Delocalization of excited states of organic semiconductors is directly related to their efficiency in devices. Time-resolved electron paramagnetic resonance spectroscopy provides unique capabilities in this respect because of its high spectral resolution and capability to probe the geometry and extent of excitons. Using magnetophotoselection experiments, the mode of exciton delocalization, along the backbone or parallel to the π–π stacking direction of the conjugated polymers, can be revealed. We demonstrate the robustness of this approach by applying it to building blocks of a prototypical conjugated polymer showing a symmetry of their excited states being far from ideal for this experiment.

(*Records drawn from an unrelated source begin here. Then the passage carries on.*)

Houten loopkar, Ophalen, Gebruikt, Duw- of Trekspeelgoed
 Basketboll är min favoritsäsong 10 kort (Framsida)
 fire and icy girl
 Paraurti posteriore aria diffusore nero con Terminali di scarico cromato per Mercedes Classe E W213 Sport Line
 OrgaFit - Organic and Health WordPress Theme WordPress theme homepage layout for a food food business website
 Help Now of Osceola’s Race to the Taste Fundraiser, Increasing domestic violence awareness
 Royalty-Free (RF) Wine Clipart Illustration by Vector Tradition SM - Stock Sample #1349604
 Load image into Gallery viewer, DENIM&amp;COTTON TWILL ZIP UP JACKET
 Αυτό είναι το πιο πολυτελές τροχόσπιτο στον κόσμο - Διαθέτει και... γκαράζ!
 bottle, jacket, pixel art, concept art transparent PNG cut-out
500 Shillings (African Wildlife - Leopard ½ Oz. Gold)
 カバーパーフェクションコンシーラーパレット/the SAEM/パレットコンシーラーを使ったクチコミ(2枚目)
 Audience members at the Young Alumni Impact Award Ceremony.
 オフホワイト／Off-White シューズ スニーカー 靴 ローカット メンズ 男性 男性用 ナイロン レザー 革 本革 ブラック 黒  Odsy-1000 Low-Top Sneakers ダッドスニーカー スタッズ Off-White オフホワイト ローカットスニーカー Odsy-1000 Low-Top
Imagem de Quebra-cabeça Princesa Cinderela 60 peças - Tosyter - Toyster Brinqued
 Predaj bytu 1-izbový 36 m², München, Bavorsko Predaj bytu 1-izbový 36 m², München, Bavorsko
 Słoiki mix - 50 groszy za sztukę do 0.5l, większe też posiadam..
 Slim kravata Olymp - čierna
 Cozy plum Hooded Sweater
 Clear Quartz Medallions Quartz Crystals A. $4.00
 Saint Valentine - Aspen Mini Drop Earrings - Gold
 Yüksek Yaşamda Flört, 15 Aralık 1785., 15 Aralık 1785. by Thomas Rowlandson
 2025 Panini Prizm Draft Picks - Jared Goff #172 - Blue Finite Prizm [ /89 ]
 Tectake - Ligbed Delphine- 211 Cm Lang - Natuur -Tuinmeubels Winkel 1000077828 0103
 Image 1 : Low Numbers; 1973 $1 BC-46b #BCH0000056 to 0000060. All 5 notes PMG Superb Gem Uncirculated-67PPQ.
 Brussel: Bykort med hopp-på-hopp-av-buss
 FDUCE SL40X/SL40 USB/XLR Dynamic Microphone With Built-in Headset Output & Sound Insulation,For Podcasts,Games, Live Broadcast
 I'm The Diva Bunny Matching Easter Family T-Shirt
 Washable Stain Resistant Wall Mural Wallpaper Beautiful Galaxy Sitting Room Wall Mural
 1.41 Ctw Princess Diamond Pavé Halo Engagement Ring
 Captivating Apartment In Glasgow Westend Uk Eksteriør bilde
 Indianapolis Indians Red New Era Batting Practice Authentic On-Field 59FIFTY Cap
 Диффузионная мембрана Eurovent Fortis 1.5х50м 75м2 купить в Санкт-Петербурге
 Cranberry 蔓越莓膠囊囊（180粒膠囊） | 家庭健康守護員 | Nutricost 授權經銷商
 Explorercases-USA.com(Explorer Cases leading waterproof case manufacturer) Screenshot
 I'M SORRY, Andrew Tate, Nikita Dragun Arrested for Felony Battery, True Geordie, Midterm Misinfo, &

This renders magnetophotoselection superior to other approaches because it is applicable to a wealth of other organic semiconductors. The insight gained into exciton delocalization is crucial to the structure–function relationship of organic semiconductors and directly relevant for developing highly efficient materials.

中文翻译：

---

探索有机半导体中的激子离域：时间分辨电子顺磁共振和磁光选择实验的见解

有机半导体的激发态的离域化与它们在装置中的效率直接相关。时间分辨电子顺磁共振光谱在这方面具有独特的功能，因为它具有高光谱分辨率和探测激子的几何形状和范围的能力。使用磁光选择实验，可以揭示出沿骨架或与共轭聚合物的π–π堆积方向平行的激子离域模式。我们通过将其应用于原型共轭聚合物的结构单元来证明这种方法的鲁棒性，该模型显示出其激发态的对称性远非本实验的理想选择。这使得磁光选择优于其他方法，因为它适用于许多其他有机半导体。